While the court bases its decision upon the legal principles as above considered, it may be added that practical and equitable considerations point in the same direction. If sub-surface damage was caused to the well by negligent drilling operations of defendant, there was just as much damage to the Pool's % interest in the royalties reserved as there was to plaintiff's % interest. As stated, the plaintiff has an interest in the Pool and is naturally interested in seeing the Pool recover for such damages. The defendant's interest in entering into a stipulation was, first, to avoid the necessity of putting in elaborate proofs in the case at bar, and, second, to avoid a possible double liability for the same wrong. This holding accomplishes both of those things for the defendant. Permitting the Pool to obtain the money involves only single liability on the part of defendant.
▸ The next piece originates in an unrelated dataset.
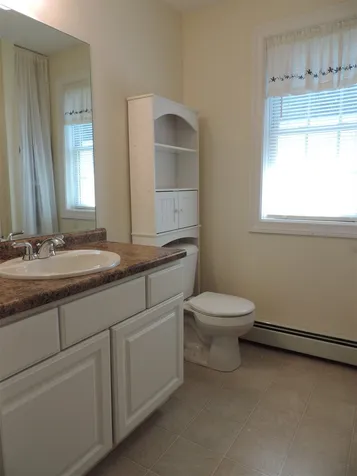 8 Rinny Lane Exeter NH 03833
An order will be entered directing the fund on deposit to be paid to the Pool after deducting government fees, paying to plaintiff her share of out-of-pocket expenses advanced in the lawsuit, and to plaintiff's attorneys fees to which they are entitled, in accordance with the stipulation filed August 6, 1943. The plaintiff, her attorneys, and the Pool will be required to join in and file a satisfaction of judgment at the time of obtaining the fund, and in addition thereto the Pool will be required to file in this case and deliver to the defendant duplicate originals of a receipt in full and a release of all claims of damages from the operation of defendant on the property in litigation.